Ethernet networks are widely used within local area networks (LAN) to allow computers and other processing elements within to communicate. Such Ethernet networks have evolved from data traffic speeds of 1 Gigabit/second (Gbps) to 10 Gbps and greater. This increase in data traffic speeds has created a need to process the incoming and outgoing packets in a faster manner using Ethernet protocols. One such solution is the offloading of protocol functions to other parts of the system to alleviate the data traffic load at a particular point in the system.
This need for offloading protocol functions becomes both more important and more difficult as the data traffic speed increases. This is especially true for high performance embedded systems, which typically rely on high density, distributed processing elements, which are optimized to perform specific digital signal processing (DSP) functions. If such processing elements must also handle complex communication protocols such as Transmission Control Protocol/Internet Protocol (TCP/IP), commonly used in Ethernet networks, they will be able to perform far less of the signal processing function for which they were designed.
Offload engines, which are capable of handling some or the entire communication protocol stack, may be used at an Ethernet network interface. The architecture of a typical prior art high performance offload engine for a 1 Gb/s Ethernet interface is shown in
Offload engine 10 provides the physical layer interface 35 to the network (through media access control (MAC) layer 40), and can move Ethernet frames between buffer memory 15 and the network. Buffer memory 15 is also accessible to a host through Peripheral Component Interconnect (PCI) bus interface 20 through memory controller 30. Software application (SA) 25 which runs on processors within offload engine 10 also accesses buffer memory 15 and can perform protocol offloading tasks. At data traffic rates of 1 Gbps, it is possible for offload engine 10 to conduct TCP offloading (e.g. segmentation and checksum operations) and even provide advanced capabilities such as iWARP and Remote Direct Memory Access (RDMA) protocol acceleration within software application 25. As future protocols become commonly used, software application 25 can be rewritten or adapted to support them.
A problem with offload engine 10 is that, for data traffic rates of around 10 Gbps or more, the architecture does not scale well. An increase in the number of processors within offload engine 10 by a factor of ten (e.g. between two to twenty) would result not only in die size and power consumption issues, but also difficulty in creating software to coordinate the processors. A ten-tupling of processor clock speeds is currently unavailable at reasonable prices, and therefore a new architecture is needed to provide similar functionality at data traffic speeds of 10 Gbps.
Another problem with a typical offload engine 10 is that at a 10 Gbps data traffic rate, offload engine 10 assumes communications occur with a single host over a PCI bus.
A solution to the aforementioned problems is to use field-programmable gate arrays (FPGA) technology to provide a hardware application (HA) to support multiple custom protocols at very high data rates. Instead of writing software to run on a processor, the architecture runs in the configurable area of an FPGA offload engine to perform protocol offloading while using fixed function logic blocks to perform physical and logical layer interface functions.
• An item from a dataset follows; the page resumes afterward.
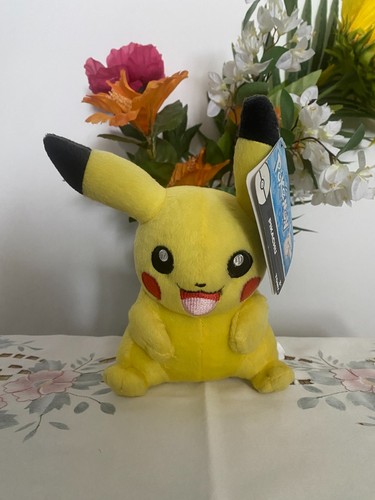 Peluche pokémon tomy pikachu - peluche,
In an embedded system, alternatively, the packets arriving to an Ethernet connection at 10 Gbps will be distributed to multiple processing elements over a switched fabric, using a RapidIO™, PCI Express™, or HyperTransport™ architecture. Bridging between a reliable, ordered switched fabric like RapidIO™ and an unreliable, unordered network like Ethernet is a difficult problem. Several strategies for connecting an Ethernet network to a RapidIO™ switched fabric are disclosed herein.
The techniques herein described for a 10 Gbps data rate can also be used for other data rates, both faster and slower (e.g. 1 Gbps Ethernet).
A method of communicating a packet sent from a first processing element to a second processing element over a network is provided, comprising the steps of: a first processing element communicating a packet addressed to a second processing element; said communicated packet, after leaving said first processing element, received by a switch fabric; said communicated packet communicated from said switch fabric to an offload engine, said offload engine comprising a hardware application; and said offload engine acknowledging receipt of said communicated packet to said first processing element, and communicating said communicated packet to said processing element. The offload engine may further comprise a timer, and the offload engine may set said timer; if the offload engine fails to receive acknowledgement from said second processing element of receipt of said communicated packet prior to expiry of said timer, the offload engine requests said first processing element to resend said packet.
The offload engine may alter the packet so that said acknowledgement of receipt of said packet from said second processor will be addressed to said offload engine. The offload engine may include a NIC to receive and communicate the packet. The offload engine may also include a state table to store the status of communications with the first processing element. The state table may be used to translate IP addresses, including a TCP port or MAC address to a RapidIO™ Device ID. The offload engine may be a field-programmable gate array. The switched fabric may be RapidIO™ switched fabric.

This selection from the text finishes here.